◆ THE PROBLEM ◆
In the data below, set down exactly the lines from the one containing "Ymi Women's Belted" up to and including the one containing "38 inch Electroacústica". Leave the pictures out.

◆ DATA LISTING ◆
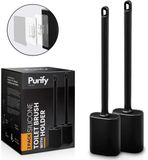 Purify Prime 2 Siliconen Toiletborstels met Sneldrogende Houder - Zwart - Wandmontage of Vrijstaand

...

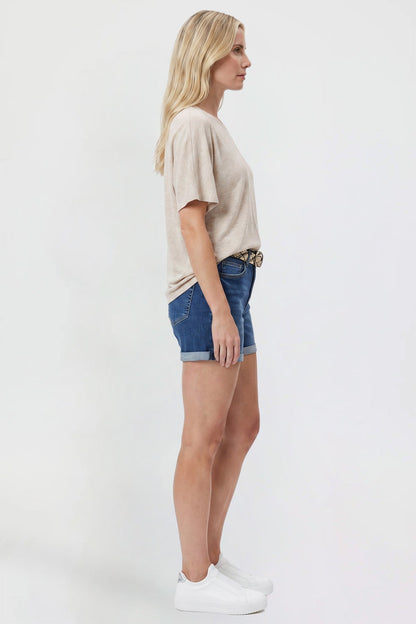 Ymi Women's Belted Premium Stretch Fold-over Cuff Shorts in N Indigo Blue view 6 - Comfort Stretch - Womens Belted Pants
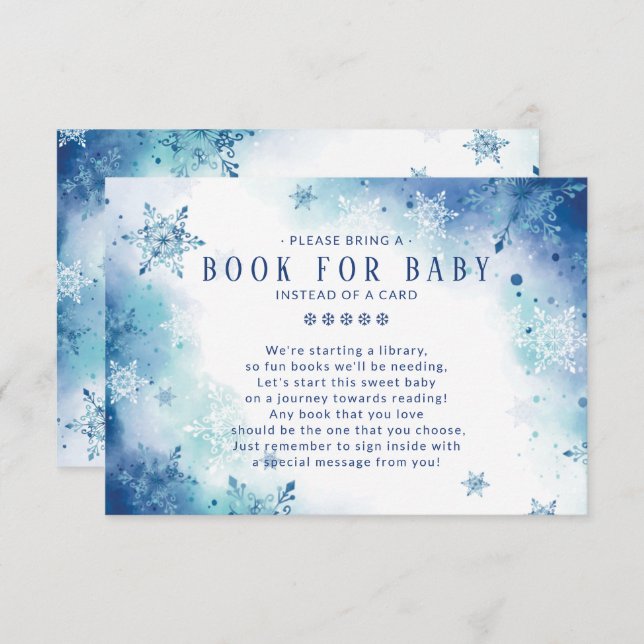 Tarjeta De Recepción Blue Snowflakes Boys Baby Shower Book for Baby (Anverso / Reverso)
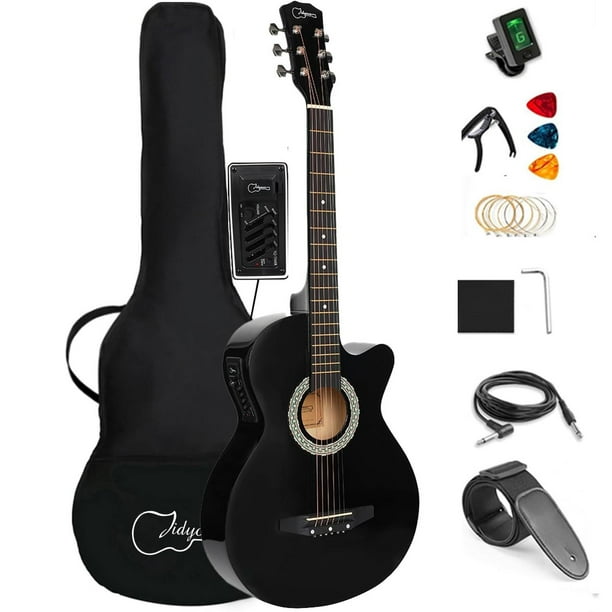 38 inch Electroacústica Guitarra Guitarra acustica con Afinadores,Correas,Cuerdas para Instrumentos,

--

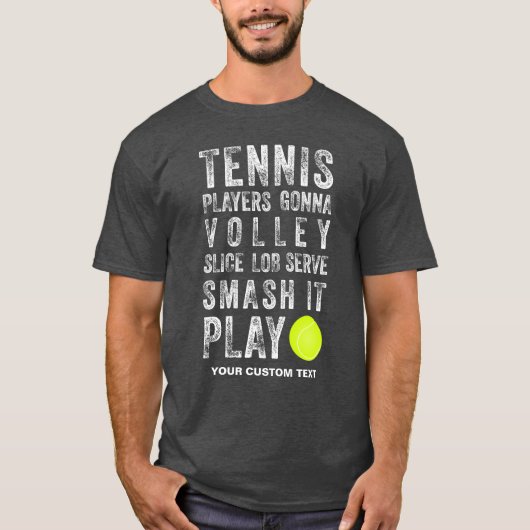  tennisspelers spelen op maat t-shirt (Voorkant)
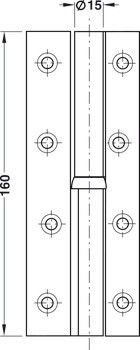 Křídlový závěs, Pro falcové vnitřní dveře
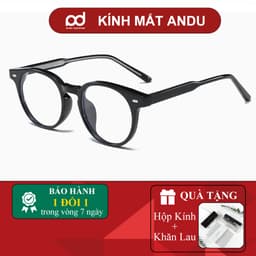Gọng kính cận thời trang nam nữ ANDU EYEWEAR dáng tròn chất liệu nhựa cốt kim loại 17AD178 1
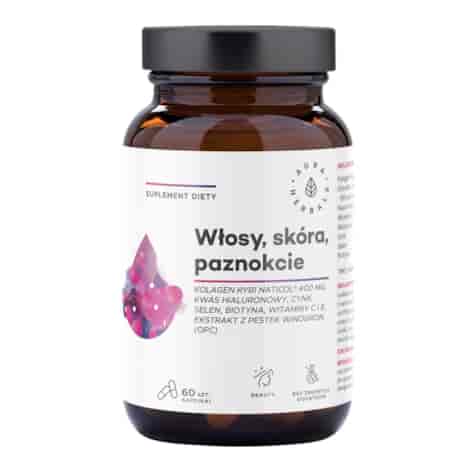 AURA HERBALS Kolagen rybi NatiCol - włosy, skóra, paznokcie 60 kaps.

◆ RESPONSE TO THE EXERCISE ◆
 Ymi Women's Belted Premium Stretch Fold-over Cuff Shorts in N Indigo Blue view 6 - Comfort Stretch - Womens Belted Pants
 Tarjeta De Recepción Blue Snowflakes Boys Baby Shower Book for Baby (Anverso / Reverso)
 38 inch Electroacústica Guitarra Guitarra acustica con Afinadores,Correas,Cuerdas para Instrumentos,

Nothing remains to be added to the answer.